Miller Wendy M, Nori-Janosz Katherine E, Lillystone Martin, Yanez Jose, McCullough Peter A
Department of Internal Medicine, Division of Nutrition and Preventive Medicine, William Beaumont Hospital, 4949 Coolidge, Royal Oak, MI 48073, USA.
Curr Cardiol Rep. 2005 Nov;7(6):465-70. doi: 10.1007/s11886-005-0065-8.

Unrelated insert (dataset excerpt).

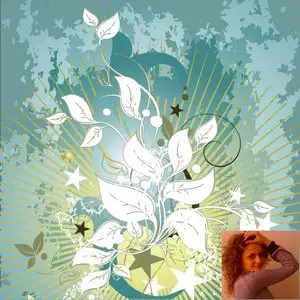 FLORAL FRAME 4886921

Obesity increases cardiovascular risk through multiple mechanisms. Abdominal (visceral) adiposity is metabolically active and is largely responsible for the atherogenic dyslipidemia, hyperinsulinemia, hypertension, chronic inflammatory state, and prothrombotic state that constitute the metabolic syndrome, and the subsequent increased risk for cardiovascular disease and acute coronary events. Cholesterol guidelines for assessing cardiovascular risk have traditionally focused on low-density lipoprotein (LDL) levels, and reduction of plasma LDL has been shown to reduce cardiovascular events and total mortality. However, the cardiovascular risks associated with the dyslipidemia of obesity--characterized by low levels of high-density lipoprotein; increased triglycerides; increased subfractions of small, dense LDL; and increased levels of apolipoprotein B-100--are also now well recognized.
肥胖通过多种机制增加心血管疾病风险。腹部(内脏)肥胖具有代谢活性,在很大程度上导致了构成代谢综合征的致动脉粥样硬化血脂异常、高胰岛素血症、高血压、慢性炎症状态和血栓前状态,以及随后心血管疾病和急性冠脉事件风险的增加。传统上,评估心血管疾病风险的胆固醇指南主要关注低密度脂蛋白(LDL)水平,降低血浆LDL已被证明可减少心血管事件和总死亡率。然而,与肥胖相关血脂异常(其特征为高密度脂蛋白水平低、甘油三酯升高、小而密LDL亚组分增加以及载脂蛋白B-100水平升高)相关的心血管疾病风险目前也已得到充分认识。